Built-in objects¶

Optimizers¶

class hessianfree.optimizers.Optimizer[source]¶

Bases: object

Base class for optimizers.

Each optimizer has a self.net parameter that will be set automatically when the optimizer is added to a network (referring to that network).

compute_update(printing=False)[source]¶

Compute a weight update for the current batch.

It can be assumed that the batch has already been stored in net.inputs and net.targets, and the nonlinearity activations/derivatives for the batch are cached in net.activations and net.d_activations.

Parameters:	printing (bool) – if True, print out data about the optimization

class hessianfree.optimizers.HessianFree(CG_iter=250, init_damping=1, plotting=True)[source]¶

Bases: hessianfree.optimizers.Optimizer

Use Hessian-free optimization to compute the weight update.

Parameters:	CG_iter (int) – maximum number of CG iterations to run per epoch init_damping (float) – the initial value of the Tikhonov damping plotting (bool) – if True then collect data for plotting (actual plotting handled in parent network)

compute_update(printing=False)[source]¶

Compute a weight update for the current batch.

Parameters:	printing (bool) – if True, print out data about the optimization

conjugate_gradient(init_delta, grad, iters=250, printing=False)[source]¶: Find minimum of quadratic approximation using conjugate gradient algorithm.

class hessianfree.optimizers.SGD(l_rate=1, plotting=False)[source]¶

Bases: hessianfree.optimizers.Optimizer

Compute weight update using first-order gradient descent.

Parameters:	l_rate – learning rate to apply to weight updates plotting – if True then collect data for plotting (actual plotting handled in parent network)

compute_update(printing=False)[source]¶

Compute a weight update for the current batch.
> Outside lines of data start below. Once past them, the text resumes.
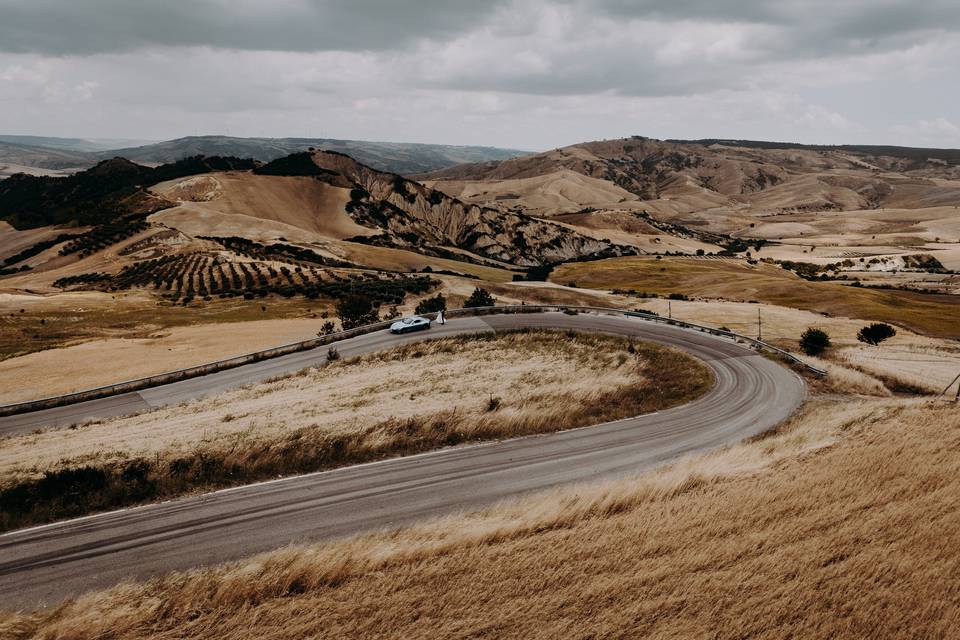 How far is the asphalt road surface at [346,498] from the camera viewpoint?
13.8 metres

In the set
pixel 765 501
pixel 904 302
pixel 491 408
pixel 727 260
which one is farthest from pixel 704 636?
pixel 727 260

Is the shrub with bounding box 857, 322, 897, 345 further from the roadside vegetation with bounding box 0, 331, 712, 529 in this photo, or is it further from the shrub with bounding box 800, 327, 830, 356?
the roadside vegetation with bounding box 0, 331, 712, 529

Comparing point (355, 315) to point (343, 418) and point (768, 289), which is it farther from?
point (768, 289)

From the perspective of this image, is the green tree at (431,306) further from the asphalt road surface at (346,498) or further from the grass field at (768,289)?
the grass field at (768,289)

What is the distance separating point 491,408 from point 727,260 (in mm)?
141203

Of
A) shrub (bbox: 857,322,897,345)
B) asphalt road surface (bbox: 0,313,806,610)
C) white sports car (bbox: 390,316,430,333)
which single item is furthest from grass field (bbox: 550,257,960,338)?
white sports car (bbox: 390,316,430,333)

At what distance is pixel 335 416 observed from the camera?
2539cm

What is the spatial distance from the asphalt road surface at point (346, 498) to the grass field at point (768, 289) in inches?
2213

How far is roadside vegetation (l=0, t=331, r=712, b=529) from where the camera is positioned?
1831cm

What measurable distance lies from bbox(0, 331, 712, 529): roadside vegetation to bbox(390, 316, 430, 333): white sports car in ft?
13.8

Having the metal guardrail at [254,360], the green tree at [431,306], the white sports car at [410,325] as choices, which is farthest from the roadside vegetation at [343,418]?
the green tree at [431,306]

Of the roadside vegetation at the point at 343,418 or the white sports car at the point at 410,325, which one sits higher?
the white sports car at the point at 410,325

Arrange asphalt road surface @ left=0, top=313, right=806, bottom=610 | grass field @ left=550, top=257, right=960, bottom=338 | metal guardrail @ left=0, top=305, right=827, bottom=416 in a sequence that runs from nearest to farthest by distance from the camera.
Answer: asphalt road surface @ left=0, top=313, right=806, bottom=610, metal guardrail @ left=0, top=305, right=827, bottom=416, grass field @ left=550, top=257, right=960, bottom=338

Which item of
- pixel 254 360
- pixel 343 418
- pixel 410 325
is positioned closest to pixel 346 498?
pixel 343 418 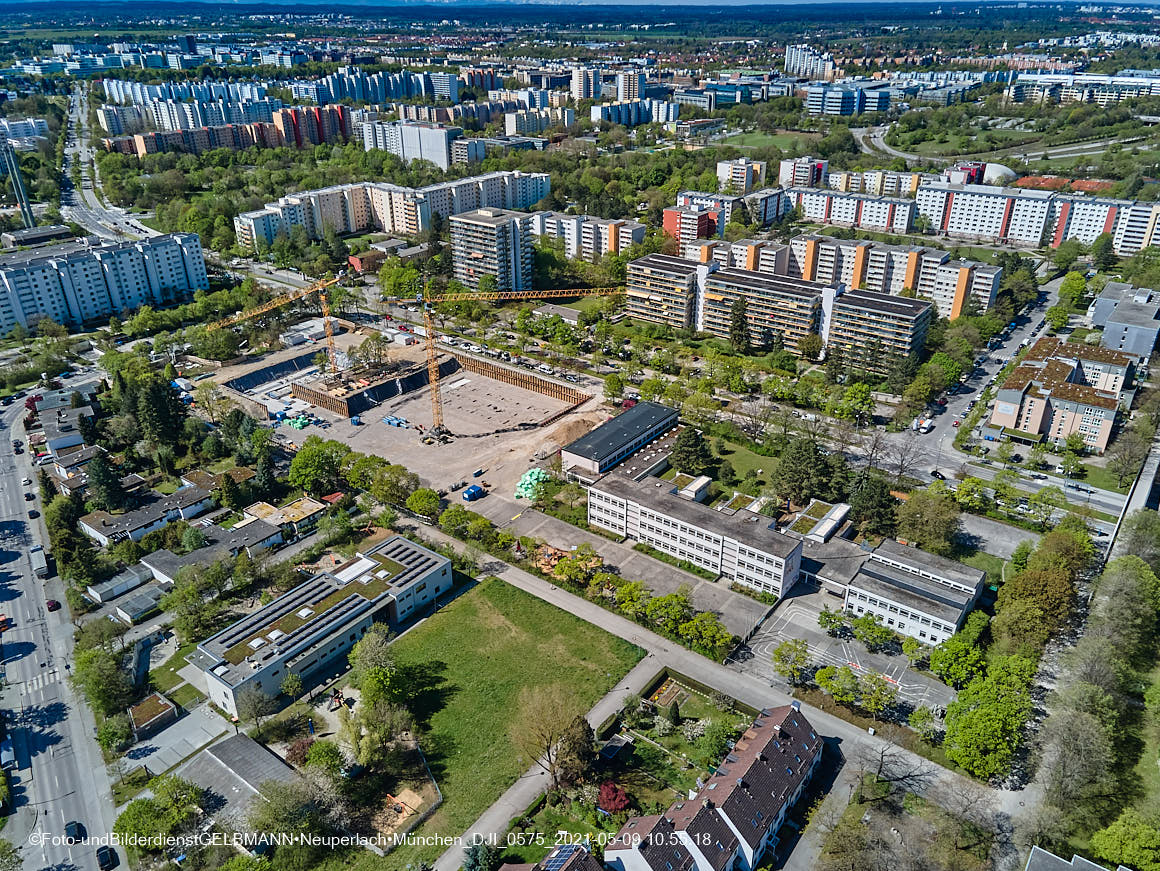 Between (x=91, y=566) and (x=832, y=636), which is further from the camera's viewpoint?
(x=91, y=566)

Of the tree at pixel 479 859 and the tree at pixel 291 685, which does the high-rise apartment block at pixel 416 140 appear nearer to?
the tree at pixel 291 685

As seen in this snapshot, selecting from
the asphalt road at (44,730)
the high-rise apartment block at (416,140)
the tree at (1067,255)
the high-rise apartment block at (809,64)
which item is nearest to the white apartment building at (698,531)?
the asphalt road at (44,730)

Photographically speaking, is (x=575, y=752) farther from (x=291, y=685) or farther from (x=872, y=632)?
(x=872, y=632)

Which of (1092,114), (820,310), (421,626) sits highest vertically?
(1092,114)

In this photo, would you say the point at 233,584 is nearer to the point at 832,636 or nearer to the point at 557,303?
the point at 832,636

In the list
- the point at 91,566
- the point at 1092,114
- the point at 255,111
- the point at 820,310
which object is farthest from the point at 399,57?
the point at 91,566

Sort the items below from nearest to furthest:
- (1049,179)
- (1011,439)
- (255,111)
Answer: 1. (1011,439)
2. (1049,179)
3. (255,111) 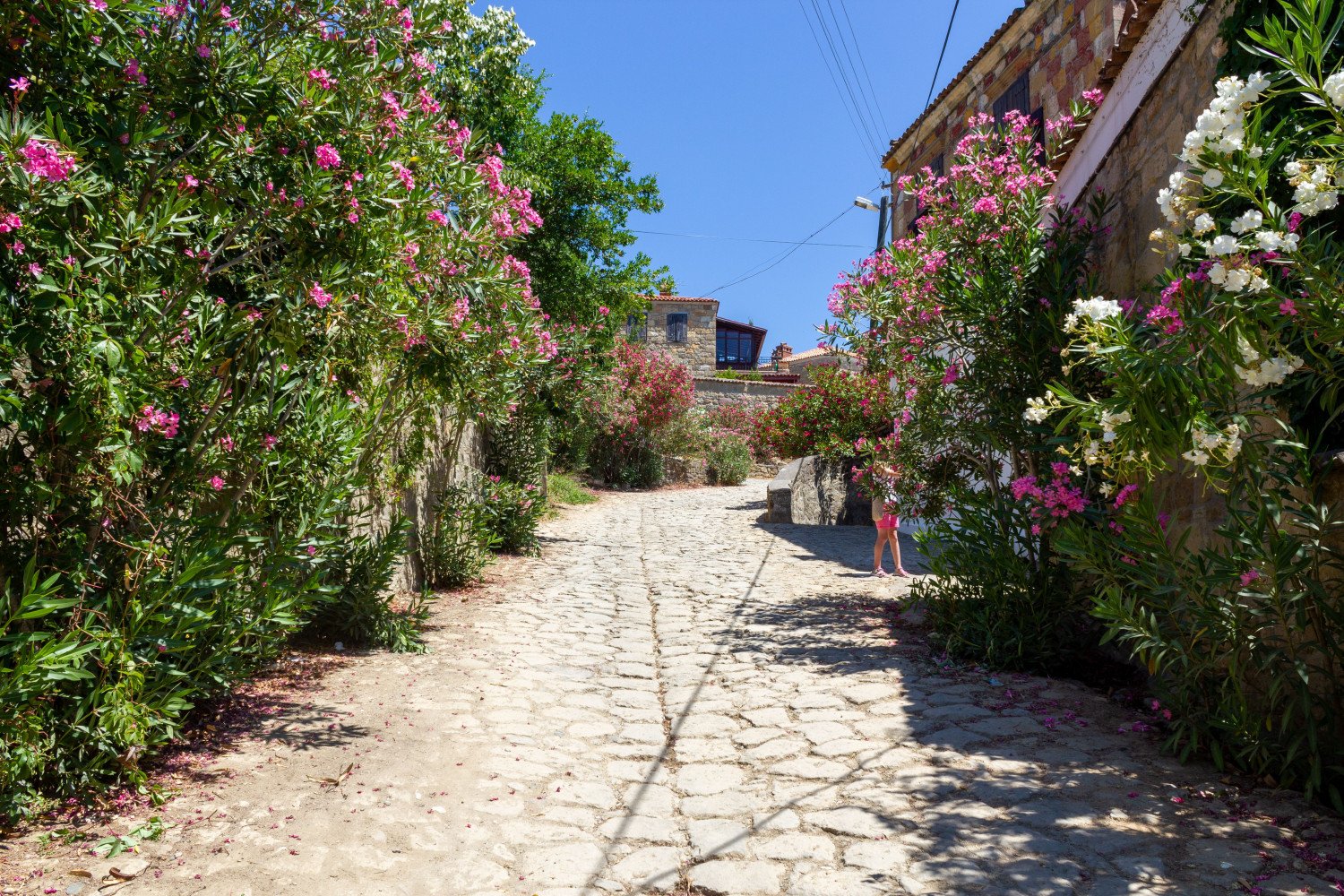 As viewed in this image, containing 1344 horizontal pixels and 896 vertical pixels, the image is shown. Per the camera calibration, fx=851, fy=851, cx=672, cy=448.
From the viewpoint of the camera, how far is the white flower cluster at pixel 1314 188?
2646mm

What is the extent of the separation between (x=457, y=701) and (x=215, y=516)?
74.2 inches

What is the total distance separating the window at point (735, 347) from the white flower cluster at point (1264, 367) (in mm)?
43210

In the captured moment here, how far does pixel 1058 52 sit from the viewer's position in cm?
1091

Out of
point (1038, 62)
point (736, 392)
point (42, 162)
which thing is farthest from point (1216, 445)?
point (736, 392)

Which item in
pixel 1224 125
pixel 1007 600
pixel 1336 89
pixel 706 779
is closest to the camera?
pixel 1336 89

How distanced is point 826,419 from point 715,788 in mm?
11247

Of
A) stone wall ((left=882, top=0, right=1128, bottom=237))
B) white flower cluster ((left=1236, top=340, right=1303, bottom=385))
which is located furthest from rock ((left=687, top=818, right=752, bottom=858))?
stone wall ((left=882, top=0, right=1128, bottom=237))

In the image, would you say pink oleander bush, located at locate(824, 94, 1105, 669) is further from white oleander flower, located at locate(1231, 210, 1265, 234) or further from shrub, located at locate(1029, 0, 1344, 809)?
white oleander flower, located at locate(1231, 210, 1265, 234)

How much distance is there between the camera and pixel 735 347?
46312 mm

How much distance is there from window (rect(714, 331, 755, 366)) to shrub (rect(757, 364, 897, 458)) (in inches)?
1200

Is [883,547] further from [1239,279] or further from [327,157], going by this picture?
[327,157]

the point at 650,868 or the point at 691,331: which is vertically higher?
the point at 691,331

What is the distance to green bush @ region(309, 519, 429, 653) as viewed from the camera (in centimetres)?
570

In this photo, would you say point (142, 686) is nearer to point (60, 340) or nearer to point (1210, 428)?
point (60, 340) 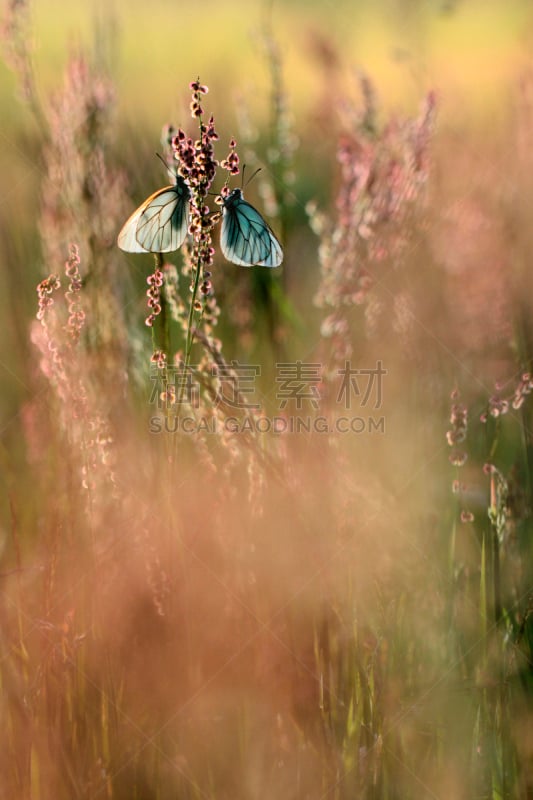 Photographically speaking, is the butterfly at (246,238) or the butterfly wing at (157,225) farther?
the butterfly at (246,238)

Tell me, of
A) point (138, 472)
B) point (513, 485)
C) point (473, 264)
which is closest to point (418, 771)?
point (513, 485)

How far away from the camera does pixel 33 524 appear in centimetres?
151

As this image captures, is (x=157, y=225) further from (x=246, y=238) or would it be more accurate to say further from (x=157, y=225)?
(x=246, y=238)

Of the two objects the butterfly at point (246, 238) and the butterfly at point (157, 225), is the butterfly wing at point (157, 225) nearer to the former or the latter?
the butterfly at point (157, 225)

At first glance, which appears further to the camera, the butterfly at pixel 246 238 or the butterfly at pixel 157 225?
the butterfly at pixel 246 238

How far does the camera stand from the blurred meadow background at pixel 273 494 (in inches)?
48.7

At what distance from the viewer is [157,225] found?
4.43ft

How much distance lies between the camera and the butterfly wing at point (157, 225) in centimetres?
132

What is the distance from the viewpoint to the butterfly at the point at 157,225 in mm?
1324

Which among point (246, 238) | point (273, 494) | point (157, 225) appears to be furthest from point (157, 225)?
point (273, 494)

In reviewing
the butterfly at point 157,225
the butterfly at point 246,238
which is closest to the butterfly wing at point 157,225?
the butterfly at point 157,225

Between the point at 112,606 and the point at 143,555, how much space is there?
10 centimetres

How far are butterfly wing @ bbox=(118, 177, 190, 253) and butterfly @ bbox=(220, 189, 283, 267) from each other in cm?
10

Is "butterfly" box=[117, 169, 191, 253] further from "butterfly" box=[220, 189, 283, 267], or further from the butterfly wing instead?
"butterfly" box=[220, 189, 283, 267] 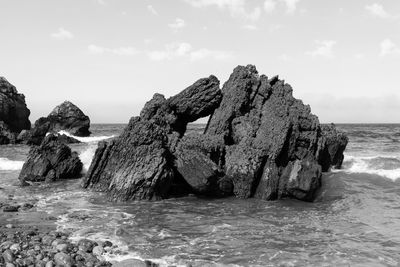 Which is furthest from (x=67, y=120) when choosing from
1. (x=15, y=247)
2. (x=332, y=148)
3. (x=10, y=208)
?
(x=15, y=247)

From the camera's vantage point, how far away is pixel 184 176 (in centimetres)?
Result: 2208

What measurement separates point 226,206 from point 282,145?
5.69 m

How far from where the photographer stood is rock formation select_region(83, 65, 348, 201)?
21422mm

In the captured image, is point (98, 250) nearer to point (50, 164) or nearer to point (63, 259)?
point (63, 259)

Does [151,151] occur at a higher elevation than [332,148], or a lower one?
higher

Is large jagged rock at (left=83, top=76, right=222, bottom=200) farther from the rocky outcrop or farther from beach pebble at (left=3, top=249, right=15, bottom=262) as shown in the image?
the rocky outcrop

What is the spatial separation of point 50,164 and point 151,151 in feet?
35.4

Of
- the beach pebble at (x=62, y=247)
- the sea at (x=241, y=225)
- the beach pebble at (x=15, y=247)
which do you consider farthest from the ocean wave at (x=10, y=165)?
the beach pebble at (x=62, y=247)

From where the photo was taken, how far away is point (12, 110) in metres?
78.4

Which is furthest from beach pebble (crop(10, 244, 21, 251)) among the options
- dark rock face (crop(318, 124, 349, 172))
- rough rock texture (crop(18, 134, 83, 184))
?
dark rock face (crop(318, 124, 349, 172))

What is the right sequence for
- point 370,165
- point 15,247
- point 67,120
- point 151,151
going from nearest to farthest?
point 15,247, point 151,151, point 370,165, point 67,120

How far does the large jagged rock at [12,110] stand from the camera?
75812 millimetres

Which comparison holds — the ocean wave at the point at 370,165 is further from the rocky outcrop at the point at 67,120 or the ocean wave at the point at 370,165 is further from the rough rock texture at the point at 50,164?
the rocky outcrop at the point at 67,120

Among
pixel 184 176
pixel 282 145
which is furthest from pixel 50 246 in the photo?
pixel 282 145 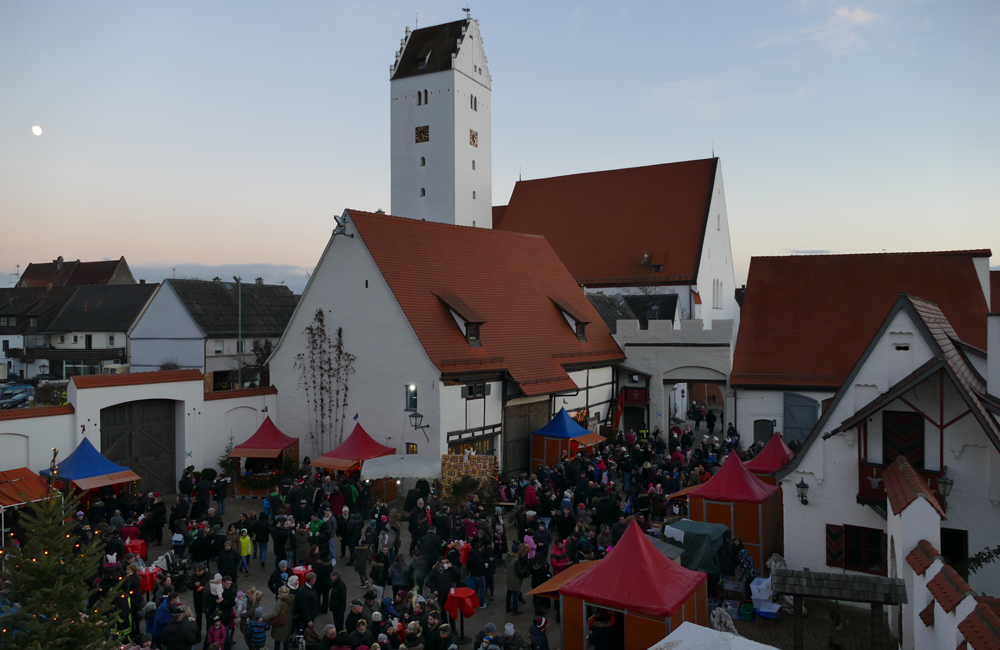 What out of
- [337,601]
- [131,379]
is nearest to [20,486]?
[131,379]

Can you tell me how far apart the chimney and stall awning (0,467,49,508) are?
20.1 meters


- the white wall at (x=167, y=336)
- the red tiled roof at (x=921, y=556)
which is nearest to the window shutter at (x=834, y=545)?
the red tiled roof at (x=921, y=556)

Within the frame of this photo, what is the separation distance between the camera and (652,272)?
41.5 meters

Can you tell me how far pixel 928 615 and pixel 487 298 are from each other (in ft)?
63.1

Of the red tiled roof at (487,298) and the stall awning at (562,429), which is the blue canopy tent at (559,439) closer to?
the stall awning at (562,429)

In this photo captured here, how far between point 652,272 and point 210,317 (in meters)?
26.1

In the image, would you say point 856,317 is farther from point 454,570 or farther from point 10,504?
point 10,504

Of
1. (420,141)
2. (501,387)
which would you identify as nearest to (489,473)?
(501,387)

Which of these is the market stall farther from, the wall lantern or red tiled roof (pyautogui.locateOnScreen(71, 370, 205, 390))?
the wall lantern

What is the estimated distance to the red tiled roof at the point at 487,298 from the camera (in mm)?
23453

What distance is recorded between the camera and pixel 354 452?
836 inches

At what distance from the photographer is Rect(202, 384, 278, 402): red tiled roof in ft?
79.8

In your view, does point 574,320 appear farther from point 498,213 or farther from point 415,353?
point 498,213

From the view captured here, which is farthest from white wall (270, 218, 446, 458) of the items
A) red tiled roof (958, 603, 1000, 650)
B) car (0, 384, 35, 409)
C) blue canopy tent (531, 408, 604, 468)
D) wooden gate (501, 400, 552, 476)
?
car (0, 384, 35, 409) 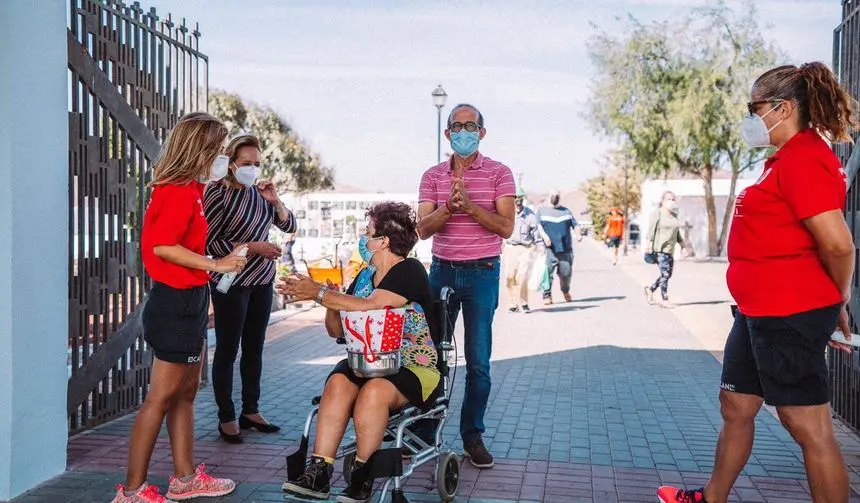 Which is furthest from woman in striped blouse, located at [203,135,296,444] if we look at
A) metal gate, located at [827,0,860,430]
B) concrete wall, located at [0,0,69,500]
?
metal gate, located at [827,0,860,430]

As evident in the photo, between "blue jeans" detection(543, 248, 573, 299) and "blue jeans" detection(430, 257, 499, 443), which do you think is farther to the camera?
"blue jeans" detection(543, 248, 573, 299)

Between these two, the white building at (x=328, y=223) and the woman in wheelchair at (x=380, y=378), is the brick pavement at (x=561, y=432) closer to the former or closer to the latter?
the woman in wheelchair at (x=380, y=378)

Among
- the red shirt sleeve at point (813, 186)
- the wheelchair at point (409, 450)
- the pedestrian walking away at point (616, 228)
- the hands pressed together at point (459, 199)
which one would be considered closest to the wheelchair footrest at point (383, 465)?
the wheelchair at point (409, 450)

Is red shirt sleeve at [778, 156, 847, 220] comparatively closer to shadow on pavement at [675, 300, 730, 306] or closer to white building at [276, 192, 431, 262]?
shadow on pavement at [675, 300, 730, 306]

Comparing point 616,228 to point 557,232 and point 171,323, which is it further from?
point 171,323

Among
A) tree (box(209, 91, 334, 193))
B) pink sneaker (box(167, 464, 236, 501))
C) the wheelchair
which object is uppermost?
tree (box(209, 91, 334, 193))

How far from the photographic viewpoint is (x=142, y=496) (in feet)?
13.5

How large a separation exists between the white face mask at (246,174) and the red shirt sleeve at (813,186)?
3.08m

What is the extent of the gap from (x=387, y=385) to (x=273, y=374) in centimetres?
434

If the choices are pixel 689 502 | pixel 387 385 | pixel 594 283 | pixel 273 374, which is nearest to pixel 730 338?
pixel 689 502

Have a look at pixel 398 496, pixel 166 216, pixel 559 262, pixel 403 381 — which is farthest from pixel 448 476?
pixel 559 262

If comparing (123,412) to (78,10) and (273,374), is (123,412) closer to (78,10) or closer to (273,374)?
(273,374)

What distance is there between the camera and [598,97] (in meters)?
36.0

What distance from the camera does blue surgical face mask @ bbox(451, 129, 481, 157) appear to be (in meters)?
5.09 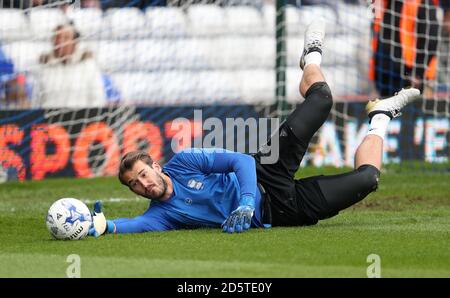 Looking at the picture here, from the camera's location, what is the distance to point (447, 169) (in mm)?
15188

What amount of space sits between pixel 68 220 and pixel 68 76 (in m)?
7.96

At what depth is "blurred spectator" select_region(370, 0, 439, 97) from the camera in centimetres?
1631

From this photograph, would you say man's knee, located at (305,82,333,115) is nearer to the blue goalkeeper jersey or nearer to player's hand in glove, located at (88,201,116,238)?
the blue goalkeeper jersey

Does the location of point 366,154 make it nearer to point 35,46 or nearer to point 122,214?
point 122,214

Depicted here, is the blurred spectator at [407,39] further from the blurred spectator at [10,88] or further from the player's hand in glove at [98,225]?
the player's hand in glove at [98,225]

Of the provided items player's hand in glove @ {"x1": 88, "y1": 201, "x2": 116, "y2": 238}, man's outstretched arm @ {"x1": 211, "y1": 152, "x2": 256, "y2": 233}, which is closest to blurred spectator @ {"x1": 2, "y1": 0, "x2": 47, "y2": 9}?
player's hand in glove @ {"x1": 88, "y1": 201, "x2": 116, "y2": 238}

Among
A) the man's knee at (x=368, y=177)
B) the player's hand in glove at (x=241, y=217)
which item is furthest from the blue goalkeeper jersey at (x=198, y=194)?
the man's knee at (x=368, y=177)

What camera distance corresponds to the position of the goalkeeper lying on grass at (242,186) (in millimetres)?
8617

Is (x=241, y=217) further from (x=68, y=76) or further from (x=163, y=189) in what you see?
(x=68, y=76)

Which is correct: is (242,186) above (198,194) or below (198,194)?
above

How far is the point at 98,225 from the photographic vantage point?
864cm

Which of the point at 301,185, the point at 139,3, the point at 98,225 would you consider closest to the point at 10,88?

Parameters:	printing (bool) – if True, print out data about the optimization

Nonlinearities¶

class hessianfree.nonlinearities.Nonlinearity(stateful=False)[source]¶

Bases: object

Base class for layer nonlinearities.

Parameters:	stateful (boolean) – True if this nonlinearity has internal state (in which case it needs to return `d_input`, `d_state`, and `d_output` in `d_activation()`; see `Continuous` for an example)

activation(x)[source]¶

Apply the nonlinearity to the inputs.

Parameters:	x – input to the nonlinearity

d_activation(x, a)[source]¶

Derivative of the nonlinearity with respect to the inputs.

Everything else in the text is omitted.